I ran 4.87 miles tonight. The fam went to a kids’ amusement park east of Pittsburgh apparently “voted best kids amusement park in the world”. I think they might have been referring to the fact that the entire park was staffed with kids. Okay, there was one adult. I did a couple of rides, hit the water park, did a couple more, then spent time with my fearless baby in a sprinkler pool. Then more rides. A bottle of water cost $3. The place was crawling with people. It looked like a fricking flamingo rut, with pink creatures standing cheek to jowl in warm, shallow water. Raced home in the evening, made dinner, then had a run, late again. Tomorrow I get to run during the day! Woo hoo!
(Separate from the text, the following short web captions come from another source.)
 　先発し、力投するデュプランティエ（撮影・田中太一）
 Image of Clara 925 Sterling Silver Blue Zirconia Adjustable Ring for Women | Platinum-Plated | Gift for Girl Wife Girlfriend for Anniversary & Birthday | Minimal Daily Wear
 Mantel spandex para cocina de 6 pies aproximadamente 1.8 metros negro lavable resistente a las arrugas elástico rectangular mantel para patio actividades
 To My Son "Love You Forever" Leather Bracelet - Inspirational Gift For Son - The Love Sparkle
Tonight I put on my headlamp, clothes, grabbed my Garmin and it fell apart. I was holding a strap. I couldn’t figure out what happened, so I opened a kitchen drawer and found my trusty Casio digital watch. I ran with a Casio for like four years. I hitch-hiked across Alaska and Europe with the same crappy, cheap model. Water-resistant, stopwatch, alarm, date, military time option, light. The battery lasts for years and years. My Garmin 110 lasted 6.5 months out of the box. That’s garbage. And the GPS never lasted more than 6.5 hours, though it advertised it could do 8 hours. Nope.
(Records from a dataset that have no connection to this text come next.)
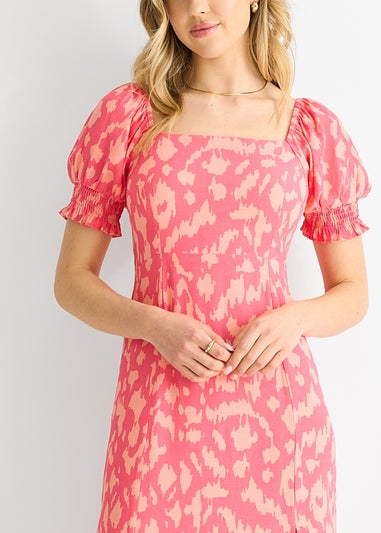 Gini London Pink Animal Print Square Neck Viscose Midi Dress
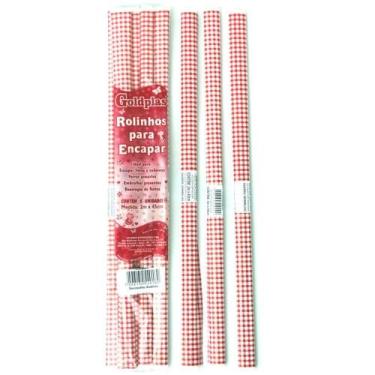 Imagem de Plastico para Encapar 2M 45CM Xadrez Vermelho - Goldplas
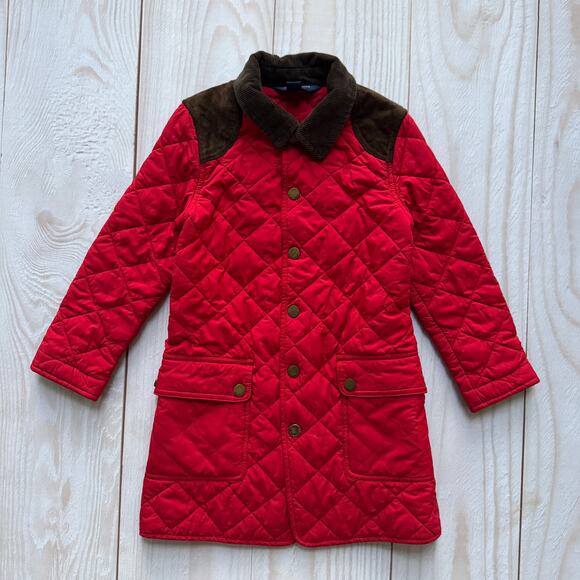 Ralph Lauren Girls Size 6X Barn Jacket Pea Coat Corduroy Collar Suede Trim - Picture 1 of 6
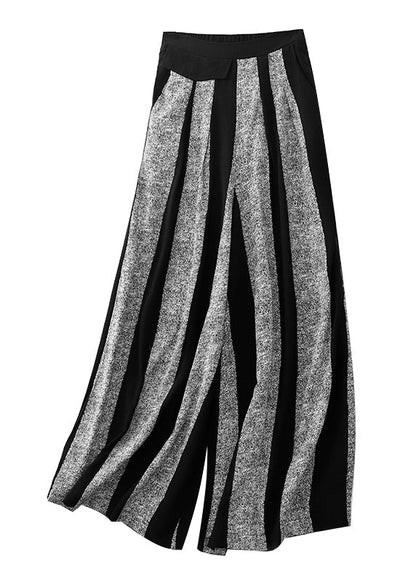 Women Black Striped Patchwork Cotton Wide Leg Pants Fall RU024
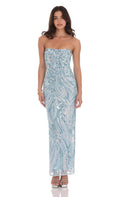 Cocktail Goddess Women Embroidered Floral Sequined Evening Dress Tube Top Fishtail Group Slim Dress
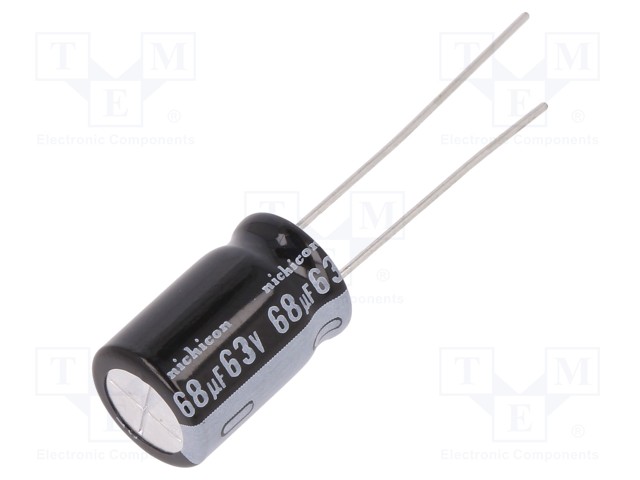 Capacitor: electrolytic; THT; 68uF; 63VDC; Ø10x16mm; Pitch: 5mm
I like that my Casio only alerts me to the passing of an hour. Tonight, it beeped, and I knew it was 11 pm. That’s good. That’s a good hour to –

 “Run Forrest ruuunn!” I got that from two cars tonight, one riding behind another. That’s a single-day PB, and an annual PB of six Forrest calls in the same calendar year.. I’ve broken my record for Forrest calls. Out here in the sticks, the humans that produce the Forrest call have no other cultural or social reference to frame the oddity of seeing a runner. No Chariots of Fire, no Meb, no Rupp, no Prefontaine, no Kenya, no Ethiopia, no Jim Thorpe, nothing. All runners are Forrest Gump. All runners get a shout of encouragement from a total stranger because of the movie. How cool is that?
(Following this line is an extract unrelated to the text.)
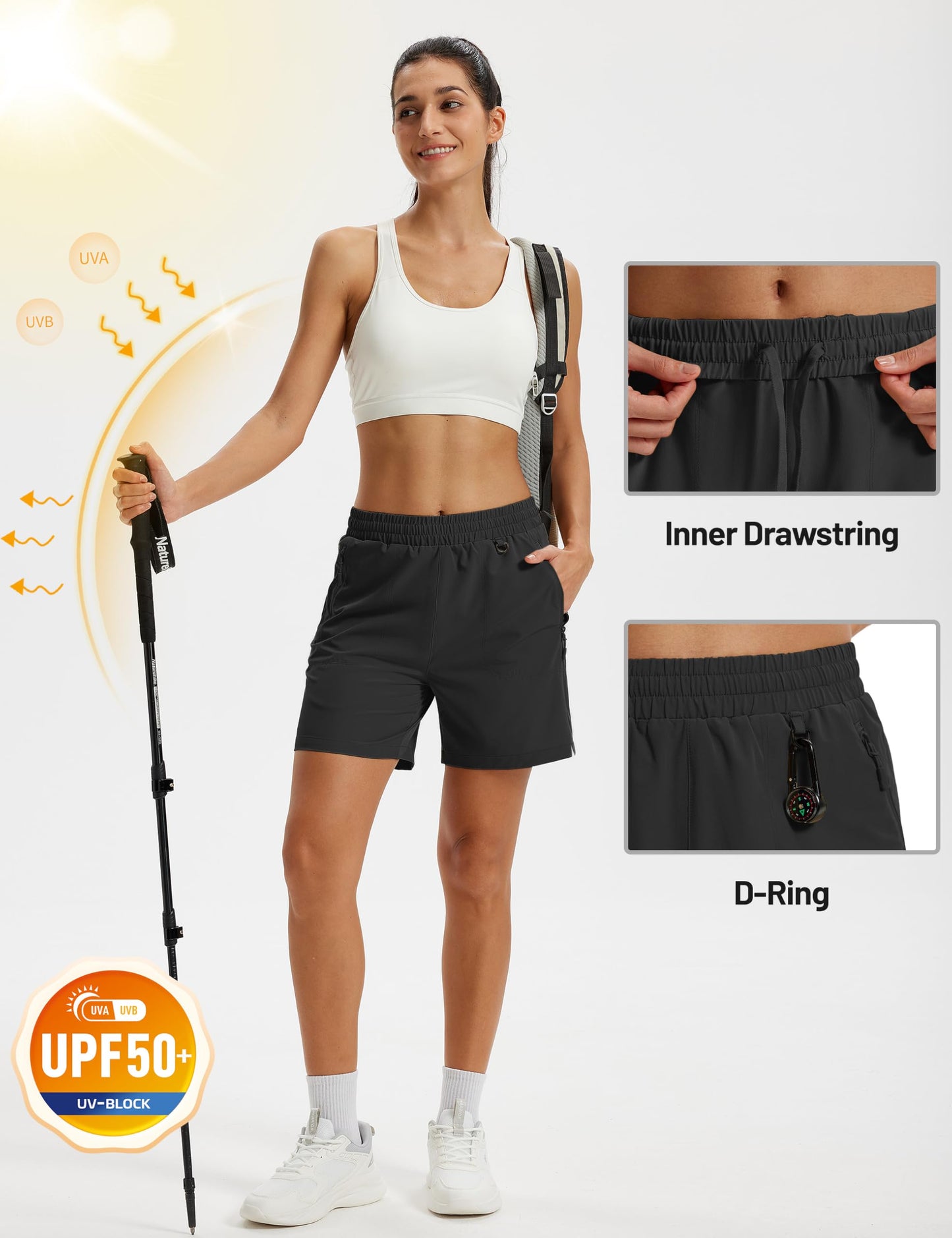 TACVASEN Athletic Shorts for Women Quick Dry Lightweight 5" Hiking Shorts with Pockets Golf Casual Workout UPF 50+ Water Resistant Summer Black L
That’s what I get for running through a cryptopolis on a Saturday night. 

I’m at 168 for the month. I’m going to shoot for 201. I need thirty-three miles in the next two days. I’d like to do it on grass. I need a break from the concrete and asphalt. I need new shoes so badly. I’ve put 1000 miles on my fast trainers, at least 800 miles on my slow trainers.